• TASK REQUIREMENTS: From the line that contains "The Real Wood" to the final line of the entries below, write out every line exactly as it appears, and nothing else.

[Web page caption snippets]
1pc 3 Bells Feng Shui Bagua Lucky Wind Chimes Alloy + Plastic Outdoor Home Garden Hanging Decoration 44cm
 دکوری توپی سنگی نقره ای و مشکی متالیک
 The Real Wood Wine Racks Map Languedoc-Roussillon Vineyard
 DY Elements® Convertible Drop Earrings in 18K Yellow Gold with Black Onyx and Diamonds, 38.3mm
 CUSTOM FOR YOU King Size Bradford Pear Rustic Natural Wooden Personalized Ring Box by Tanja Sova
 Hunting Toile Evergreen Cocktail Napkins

• ANSWER SECTION:
 The Real Wood Wine Racks Map Languedoc-Roussillon Vineyard
 DY Elements® Convertible Drop Earrings in 18K Yellow Gold with Black Onyx and Diamonds, 38.3mm
 CUSTOM FOR YOU King Size Bradford Pear Rustic Natural Wooden Personalized Ring Box by Tanja Sova
 Hunting Toile Evergreen Cocktail Napkins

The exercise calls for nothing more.